[WORK TO COMPLETE] Only one number is expected here, namely how many lines of the entries below hold the string "imágenes".

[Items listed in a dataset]
··········
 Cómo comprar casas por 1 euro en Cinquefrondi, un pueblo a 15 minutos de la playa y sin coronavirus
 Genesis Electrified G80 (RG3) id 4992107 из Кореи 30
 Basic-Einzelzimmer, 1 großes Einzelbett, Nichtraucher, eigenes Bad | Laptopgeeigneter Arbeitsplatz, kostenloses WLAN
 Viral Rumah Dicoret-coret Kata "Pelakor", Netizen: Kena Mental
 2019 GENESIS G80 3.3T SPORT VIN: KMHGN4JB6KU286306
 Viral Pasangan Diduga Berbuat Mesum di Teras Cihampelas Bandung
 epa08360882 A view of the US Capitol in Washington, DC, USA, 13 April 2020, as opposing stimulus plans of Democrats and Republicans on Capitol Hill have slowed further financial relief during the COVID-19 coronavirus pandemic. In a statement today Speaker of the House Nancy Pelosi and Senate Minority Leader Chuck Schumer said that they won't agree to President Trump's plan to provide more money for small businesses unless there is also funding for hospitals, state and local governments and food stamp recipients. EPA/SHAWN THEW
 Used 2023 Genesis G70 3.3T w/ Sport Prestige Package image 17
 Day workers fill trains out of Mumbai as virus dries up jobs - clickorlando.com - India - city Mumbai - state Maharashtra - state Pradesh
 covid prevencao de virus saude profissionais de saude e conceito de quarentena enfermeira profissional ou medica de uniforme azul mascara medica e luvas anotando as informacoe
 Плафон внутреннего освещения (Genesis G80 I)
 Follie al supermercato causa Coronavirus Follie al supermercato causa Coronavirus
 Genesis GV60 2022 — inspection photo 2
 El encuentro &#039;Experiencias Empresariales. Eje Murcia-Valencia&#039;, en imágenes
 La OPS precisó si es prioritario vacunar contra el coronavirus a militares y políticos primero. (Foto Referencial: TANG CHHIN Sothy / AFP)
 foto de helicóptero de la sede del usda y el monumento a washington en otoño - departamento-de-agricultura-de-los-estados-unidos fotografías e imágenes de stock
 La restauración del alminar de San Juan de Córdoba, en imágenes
··········
[WRITTEN ANSWER] 3